(DATA BLOCK)
--- START ---

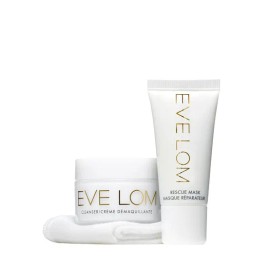 EveRom 미니 아이콘즈 세트(클렌징밤20ml+레스큐마스크15ml+거즈S) Mini Icons Set (Cleansing Balm 20ml + Rescue Mask 15ml + Gauze S)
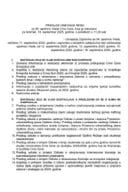 Predlog dnevnog reda za 95. sjednicu Vlade Crne Gore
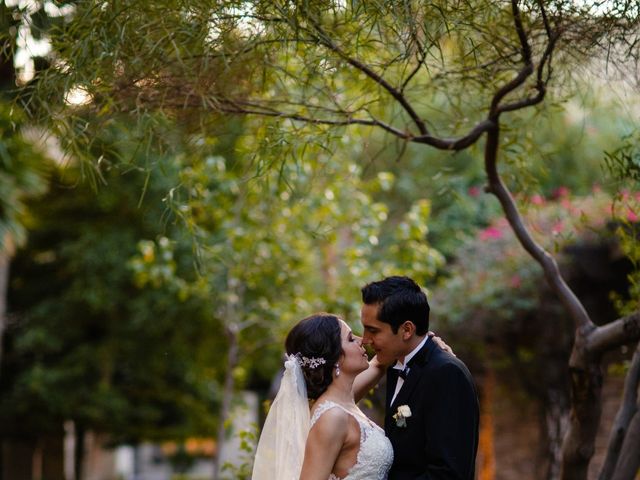 La boda de Alberto y Nancy en Mexicali, Baja California 25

--- END ---

(WHAT TO WORK ON) Give back the material above exactly, with each picture removed.

(ANSWER FOR THIS EXERCISE)
 EveRom 미니 아이콘즈 세트(클렌징밤20ml+레스큐마스크15ml+거즈S) Mini Icons Set (Cleansing Balm 20ml + Rescue Mask 15ml + Gauze S)
 Predlog dnevnog reda za 95. sjednicu Vlade Crne Gore
 La boda de Alberto y Nancy en Mexicali, Baja California 25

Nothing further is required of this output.